Acute leukemias with recurring chromosomal abnormalities are acute myeloblastic leukemia with t (8; 21), acute myeloid leukemia with eosinophilia in the bone marrow and aberrations of chromosome 16, acute promyelocytic leukemia with t (15; 17) and acute myeloid leukemia with aberrara leukemia with aberara leukemia with aberara leukemia with ab (15; 17) chromosomes 11-11q23.
All leukemias of this group are distinguished by certain biological features: often the characteristic morphology of tumor cells, which allows a diagnosis to be made on the basis of a morphological study and, in most cases, a predictable reaction to modern therapy. Isolation of this group of leukemias is important because they have certain approaches to therapy.

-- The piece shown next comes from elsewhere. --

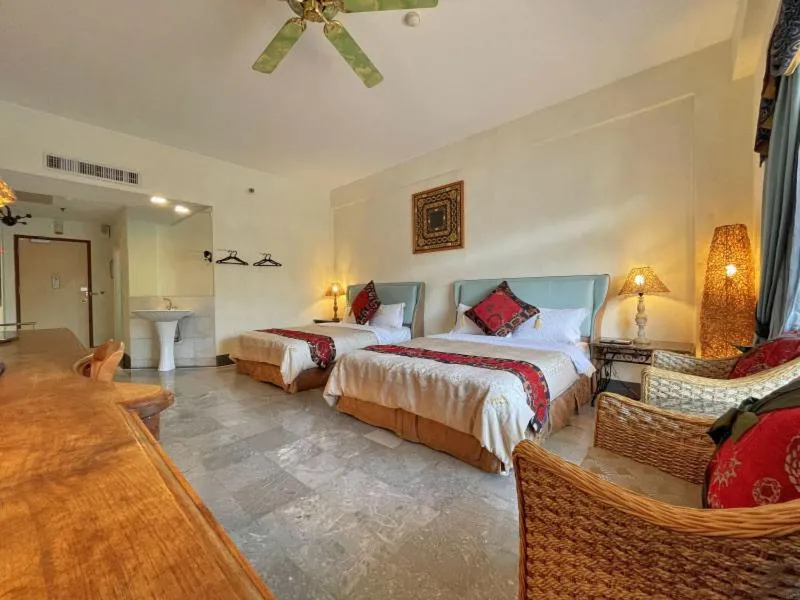Bed in Swan Lake Villa Resort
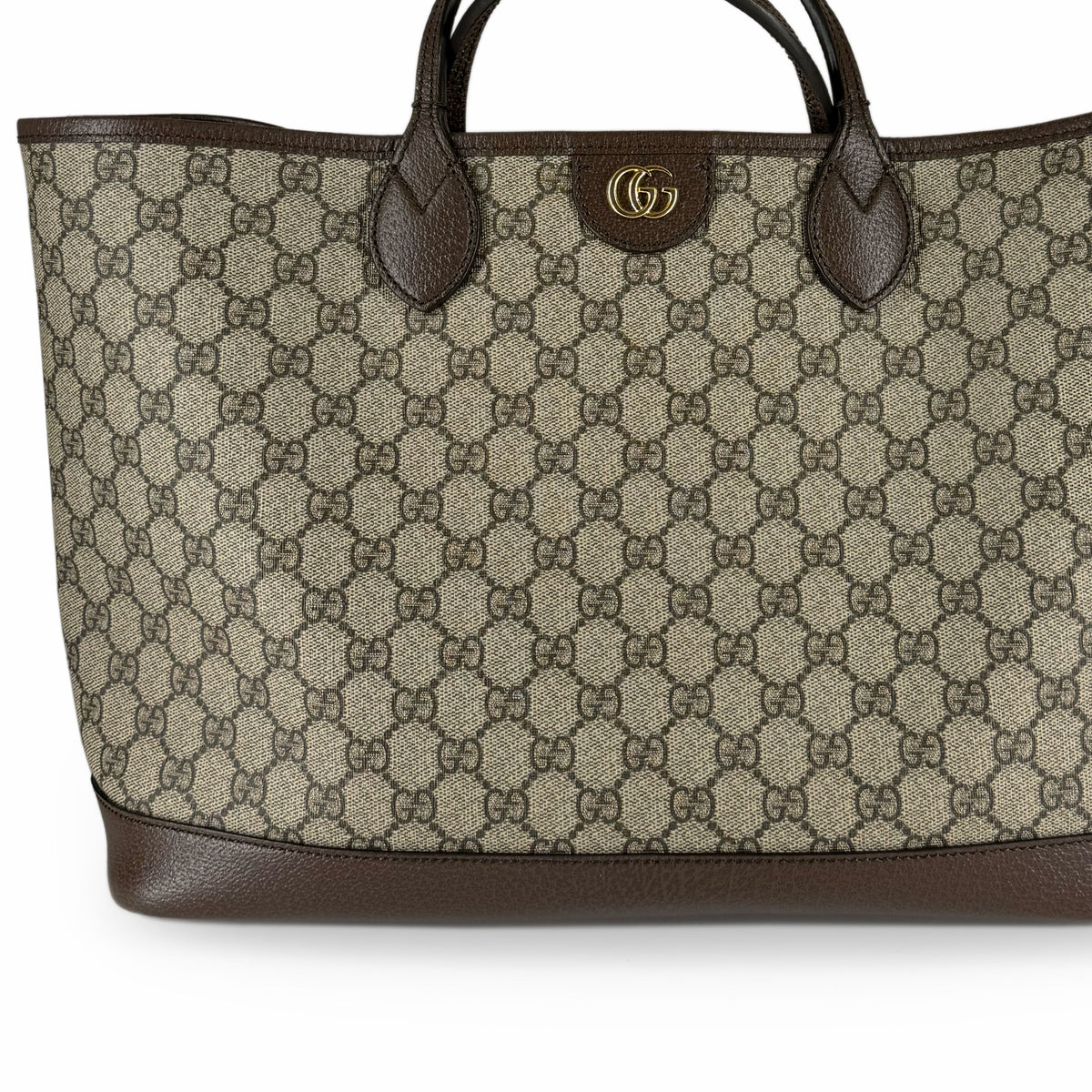Gucci GG monogram canvas tote bag with brown leather trim and gold hardware, curated Pre-loved Luxury by Myluxe in Helsinki.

Translocation (15; 17) is pathognomonic for acute promyelocytic leukemia, in which the use of ATRA is necessary from the first days of treatment. This drug has fundamentally changed the prognosis of the disease. With modern therapy, the prognosis for leukemias with t (8; 21) and aberrations of chromosome 16 with eosinophilia in the bone marrow is generally favorable, but for leukemia with aberrations of chromosome 16, only with consolidation of remission with high doses of cytosar. The prognosis is much worse in the presence of changes in the llq23 region, therefore the detection of this aberration necessarily implies intensive therapy.
Thus, the biological characteristics of the leukemias of this group, as well as a specific reaction to therapy, justify the isolation of the leukemias of this group into a separate heading in the classification. At the same time, when establishing a diagnosis for a specific patient, each of the leukemias of this rubric is still characterized in accordance with the FAB classification.